### What you have to do
Begin with the line containing "empty room with" and end with the last line of the data below; return those lines exactly, and only those.

(Short text fragments from websites)
┄┄┄┄┄┄
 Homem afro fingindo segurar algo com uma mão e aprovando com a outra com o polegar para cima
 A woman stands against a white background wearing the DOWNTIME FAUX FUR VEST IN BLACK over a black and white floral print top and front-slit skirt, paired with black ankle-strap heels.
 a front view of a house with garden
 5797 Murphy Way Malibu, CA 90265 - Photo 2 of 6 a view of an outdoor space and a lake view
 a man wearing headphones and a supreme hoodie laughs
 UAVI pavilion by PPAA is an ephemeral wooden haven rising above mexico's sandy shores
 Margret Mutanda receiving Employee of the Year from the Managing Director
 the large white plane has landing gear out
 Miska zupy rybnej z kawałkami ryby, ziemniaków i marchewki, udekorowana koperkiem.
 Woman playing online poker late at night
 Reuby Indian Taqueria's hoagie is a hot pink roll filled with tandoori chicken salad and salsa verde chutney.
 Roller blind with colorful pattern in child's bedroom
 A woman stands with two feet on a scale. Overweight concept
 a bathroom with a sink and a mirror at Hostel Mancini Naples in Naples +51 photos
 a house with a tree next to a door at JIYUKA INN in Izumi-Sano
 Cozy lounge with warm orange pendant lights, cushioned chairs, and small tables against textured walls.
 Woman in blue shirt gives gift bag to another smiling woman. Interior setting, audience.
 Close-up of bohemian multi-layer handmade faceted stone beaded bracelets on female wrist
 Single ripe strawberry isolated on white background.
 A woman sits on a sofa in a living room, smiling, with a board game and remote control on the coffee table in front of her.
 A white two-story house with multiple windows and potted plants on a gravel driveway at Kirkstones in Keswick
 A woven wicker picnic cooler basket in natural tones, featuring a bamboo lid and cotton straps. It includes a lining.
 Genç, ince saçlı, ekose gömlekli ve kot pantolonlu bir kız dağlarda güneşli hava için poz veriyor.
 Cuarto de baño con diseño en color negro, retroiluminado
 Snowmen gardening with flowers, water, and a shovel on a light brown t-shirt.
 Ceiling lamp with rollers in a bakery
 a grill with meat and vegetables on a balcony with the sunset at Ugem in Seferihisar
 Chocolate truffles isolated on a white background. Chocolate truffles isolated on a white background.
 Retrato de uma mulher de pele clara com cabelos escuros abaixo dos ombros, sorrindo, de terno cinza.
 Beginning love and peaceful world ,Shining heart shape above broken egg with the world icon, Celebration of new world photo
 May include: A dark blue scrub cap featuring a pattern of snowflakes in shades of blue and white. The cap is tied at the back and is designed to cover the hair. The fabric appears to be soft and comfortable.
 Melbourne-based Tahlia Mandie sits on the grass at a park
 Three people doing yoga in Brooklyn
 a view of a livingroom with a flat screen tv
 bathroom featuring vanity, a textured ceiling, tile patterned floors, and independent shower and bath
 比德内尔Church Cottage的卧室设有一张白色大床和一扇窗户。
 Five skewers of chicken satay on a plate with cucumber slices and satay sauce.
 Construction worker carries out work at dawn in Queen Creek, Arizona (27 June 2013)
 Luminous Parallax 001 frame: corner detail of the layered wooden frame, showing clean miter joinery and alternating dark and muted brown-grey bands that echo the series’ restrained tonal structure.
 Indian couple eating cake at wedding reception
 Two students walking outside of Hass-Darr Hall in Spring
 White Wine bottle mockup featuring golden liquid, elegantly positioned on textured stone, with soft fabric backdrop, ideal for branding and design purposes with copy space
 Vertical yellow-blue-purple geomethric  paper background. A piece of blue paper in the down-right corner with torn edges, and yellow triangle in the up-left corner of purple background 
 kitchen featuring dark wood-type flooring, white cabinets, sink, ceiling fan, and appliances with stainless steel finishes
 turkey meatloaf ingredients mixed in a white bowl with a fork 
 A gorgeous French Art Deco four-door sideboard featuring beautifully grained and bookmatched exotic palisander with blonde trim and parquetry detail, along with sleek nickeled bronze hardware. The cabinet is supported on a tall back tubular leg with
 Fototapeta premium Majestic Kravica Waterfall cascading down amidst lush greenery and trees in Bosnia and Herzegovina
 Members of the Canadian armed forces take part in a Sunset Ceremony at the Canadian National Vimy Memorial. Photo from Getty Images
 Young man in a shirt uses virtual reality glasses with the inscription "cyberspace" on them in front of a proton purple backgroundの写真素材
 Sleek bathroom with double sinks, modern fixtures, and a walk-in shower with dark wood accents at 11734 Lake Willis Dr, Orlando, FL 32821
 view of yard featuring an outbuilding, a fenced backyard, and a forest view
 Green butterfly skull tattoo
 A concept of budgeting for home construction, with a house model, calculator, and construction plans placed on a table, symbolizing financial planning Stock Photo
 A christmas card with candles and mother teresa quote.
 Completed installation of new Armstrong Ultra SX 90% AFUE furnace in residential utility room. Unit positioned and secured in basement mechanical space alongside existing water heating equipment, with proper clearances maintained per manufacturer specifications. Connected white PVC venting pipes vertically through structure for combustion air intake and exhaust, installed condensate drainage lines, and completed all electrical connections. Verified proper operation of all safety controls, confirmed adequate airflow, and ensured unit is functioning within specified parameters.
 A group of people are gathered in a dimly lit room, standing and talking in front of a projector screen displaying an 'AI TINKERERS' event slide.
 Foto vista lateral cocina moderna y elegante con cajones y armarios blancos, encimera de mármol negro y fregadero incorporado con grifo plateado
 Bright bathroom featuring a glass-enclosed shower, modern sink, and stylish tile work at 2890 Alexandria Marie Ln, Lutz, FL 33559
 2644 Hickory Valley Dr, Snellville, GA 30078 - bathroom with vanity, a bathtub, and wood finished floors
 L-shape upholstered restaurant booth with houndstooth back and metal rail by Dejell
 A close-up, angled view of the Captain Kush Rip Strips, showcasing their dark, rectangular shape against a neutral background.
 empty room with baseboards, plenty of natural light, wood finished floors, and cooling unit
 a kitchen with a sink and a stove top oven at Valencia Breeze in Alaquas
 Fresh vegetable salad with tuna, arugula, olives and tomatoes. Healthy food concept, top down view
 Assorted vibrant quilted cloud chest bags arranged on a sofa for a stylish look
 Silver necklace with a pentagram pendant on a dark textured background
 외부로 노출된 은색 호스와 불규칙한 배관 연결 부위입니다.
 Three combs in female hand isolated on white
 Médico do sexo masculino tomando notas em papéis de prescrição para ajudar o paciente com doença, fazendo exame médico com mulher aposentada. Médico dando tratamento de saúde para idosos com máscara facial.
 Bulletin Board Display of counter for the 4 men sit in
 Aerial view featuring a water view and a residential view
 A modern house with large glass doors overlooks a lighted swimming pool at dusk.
┄┄┄┄┄┄
### Response below
 empty room with baseboards, plenty of natural light, wood finished floors, and cooling unit
 a kitchen with a sink and a stove top oven at Valencia Breeze in Alaquas
 Fresh vegetable salad with tuna, arugula, olives and tomatoes. Healthy food concept, top down view
 Assorted vibrant quilted cloud chest bags arranged on a sofa for a stylish look
 Silver necklace with a pentagram pendant on a dark textured background
 외부로 노출된 은색 호스와 불규칙한 배관 연결 부위입니다.
 Three combs in female hand isolated on white
 Médico do sexo masculino tomando notas em papéis de prescrição para ajudar o paciente com doença, fazendo exame médico com mulher aposentada. Médico dando tratamento de saúde para idosos com máscara facial.
 Bulletin Board Display of counter for the 4 men sit in
 Aerial view featuring a water view and a residential view
 A modern house with large glass doors overlooks a lighted swimming pool at dusk.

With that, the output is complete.